According to the Insolvency Service brief, Bradbury outlined to investigators that the new found money was being utilised to pay the wages of subcontract labourers, subsidise the costs of redundancy packages for the business’ employees; pay the accountant, prospective lawyers and liquidators and pay back one member of staff who had loaned the business money.
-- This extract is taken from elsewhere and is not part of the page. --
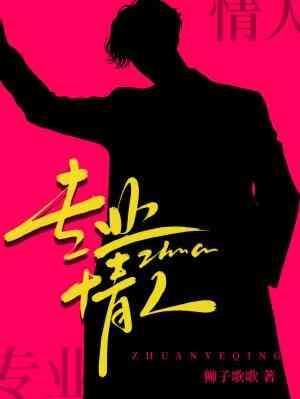 专业情人封面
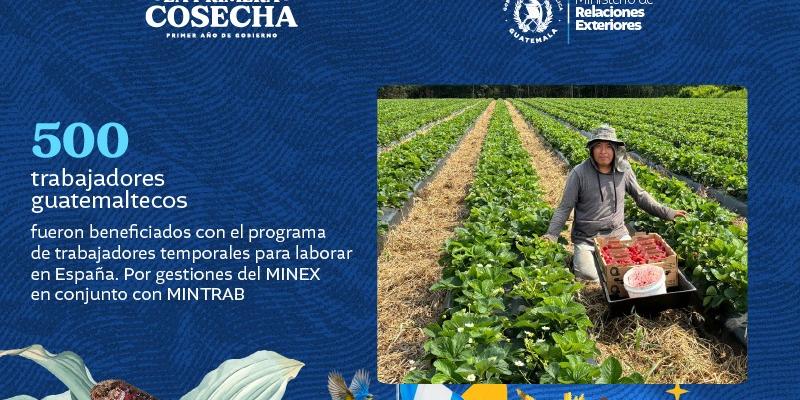 comunicado del Minex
However, it was ruled that the itinerary which was purchased by the external party to raise the money did not legally belong to the limited company, and the re-allocation of the money acquired through their sale violated the conditions of the liquidation because the cash was not evenly spread amongst all Guardians creditors.
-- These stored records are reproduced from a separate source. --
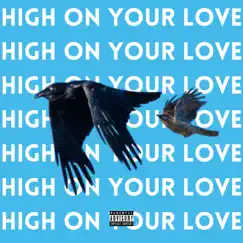 High On Your Love - Single by Cosmic Chesh album reviews, ratings, credits
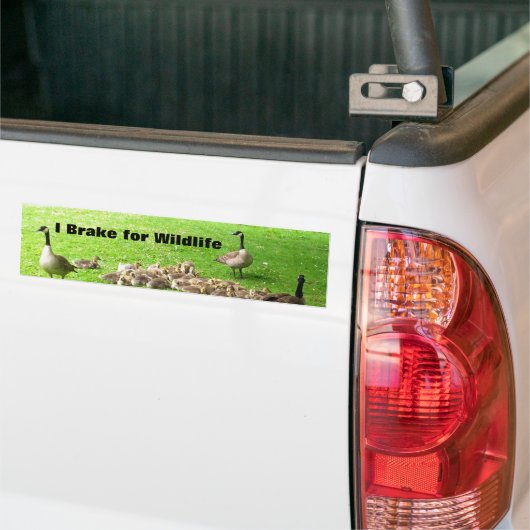 Wilde Bumpersticker (Op Truck)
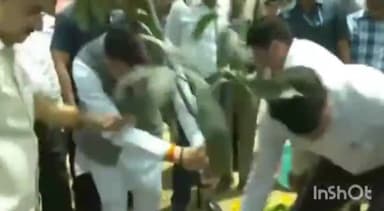 देहरादून: विश्व पर्यावरण दिवस पर सिटी पार्क में आयोजित कार्यक्रम में मुख्यमंत्री धामी ने किया वृक्षारोपण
Guilt of Directors misconduct
Sue MacLeod, the Chief investigator of the case, argued that the punishment handed out to Mr Bradbury was a clear indicator that directors guilty of misconduct would be punished appropriately, particularly in cases of wrongful trading such as these when a company head has evidently shown preferential treatment to one creditor over another. “The law is very clear; all creditors of an insolvent company should be treated fairly so that each obtains a share of any payout, rather than creditors being cherry-picked,” Ms MacLeod said.
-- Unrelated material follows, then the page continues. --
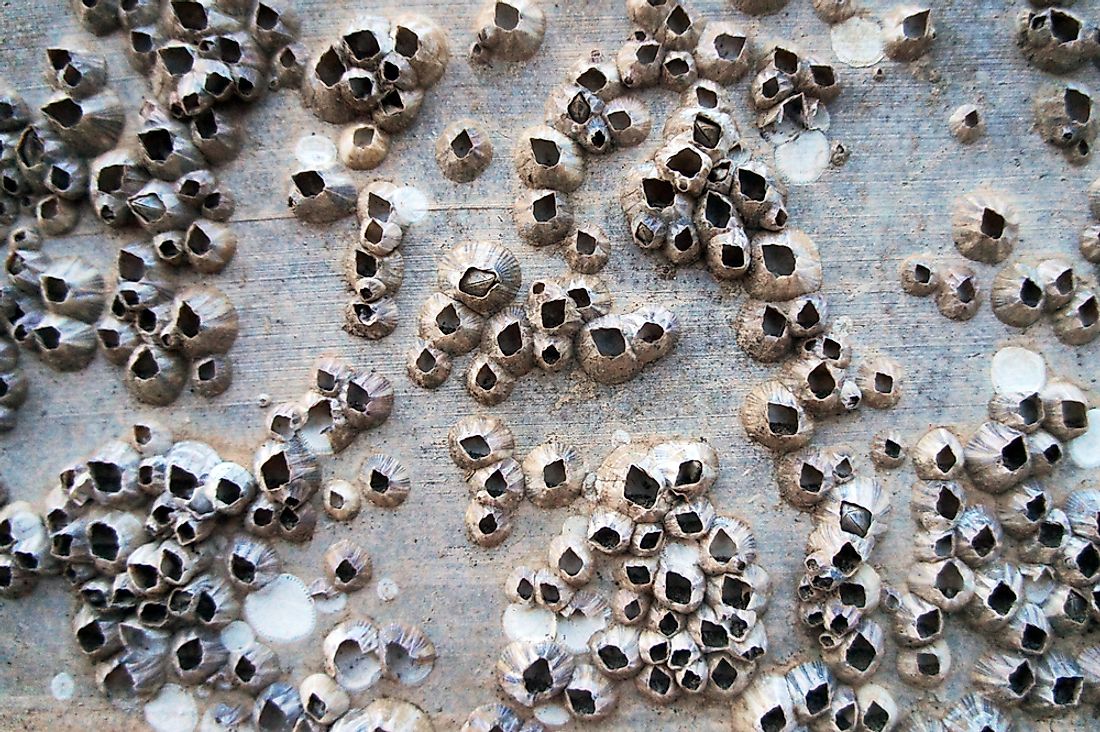 Trypophobia, the fear of clusters of small holes, has become popular on social media.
“Mr Bradbury had already been in contact with an insolvency practitioner before he sold company assets, yet used that revenue in such a way that some creditors received nothing at all while others were paid in full. The consequence is that he is now disqualified and cannot continue in business, other than at his own risk.”
Banned from working in any directors Capacity
Bradbury will now be banned from working in any director capacity, or managing; or controlling a limited company, until May 2019. His business first passed into voluntary liquidation back on October 26th, 2012, after accumulating creditor debts totalling £178,626. Of this debt, sources suggest around £65,000 was owed to the business residences landlord whilst £27,121 was owed to Her Majesty’s Revenue Customs (HMRC) and a further £14,646 to an unspecified bank. When the liquidation initially began, there were a plethora of news publications released which highlighted that a multitude of tenants had been ‘cheated’ by the company and hadn’t been able to attain access to their possessions and items stored in the facility. One former client, Jeanette Weir, has argued that the company cost her almost £30,000 through their misconduct by losing some of her ‘irreplaceable belongings”; including family heirlooms, presents and other personalised pieces of miscellany. “I think a lot more should be done. A lot of people have been affected by it,” Weir told the source. “People have lost everything but received no compensation. The way everything was handled was disgraceful. [Bradbury] should be held personally and financially responsible.”
Despite the long-term ban imposed on Bradbury for his misconduct, no criminal charges have been levelled against him, despite this potential course of action being a possibility in cases such as his.